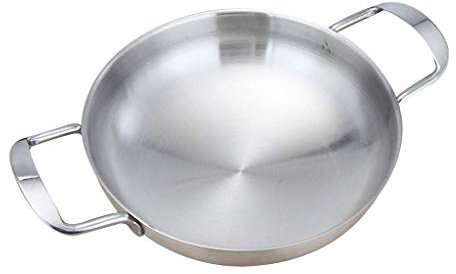 Tubayia Edelstahl Paella Pfanne Kochtopf Antihaft Topf Suppentopf Küche Kochgeschirr (Silber,20cm)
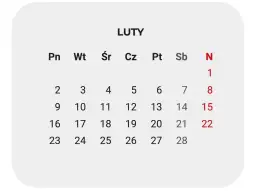 Kalendarz na luty. Ile godzin pracy w miesiącu? Zaznaczone dni wolne: 1, 8, 15, 22.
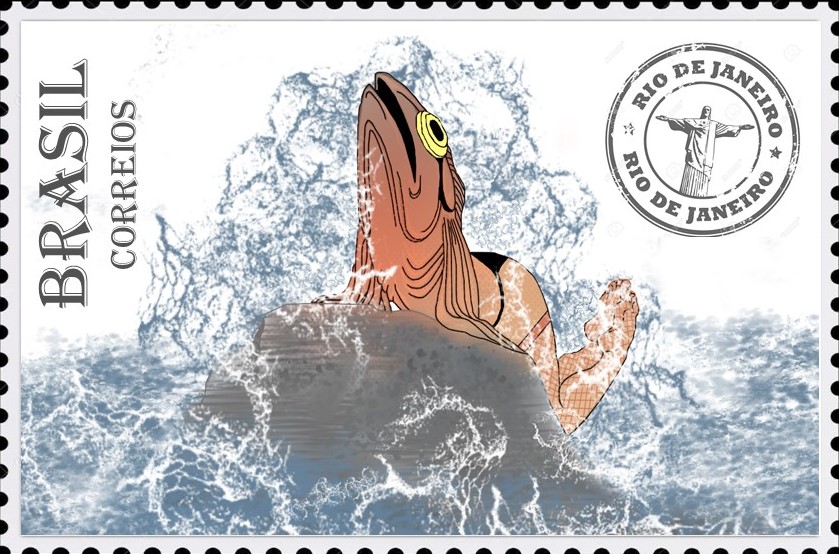 Pinup reverse mermaid stamp for this week's #SundayFishSketch #fishytheme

_____

■ **Required work**:
Only the text of the listing above is wanted, transcribed exactly, without its images.

■ **Answer to the exercise**:
 Tubayia Edelstahl Paella Pfanne Kochtopf Antihaft Topf Suppentopf Küche Kochgeschirr (Silber,20cm)
 Kalendarz na luty. Ile godzin pracy w miesiącu? Zaznaczone dni wolne: 1, 8, 15, 22.
 Pinup reverse mermaid stamp for this week's #SundayFishSketch #fishytheme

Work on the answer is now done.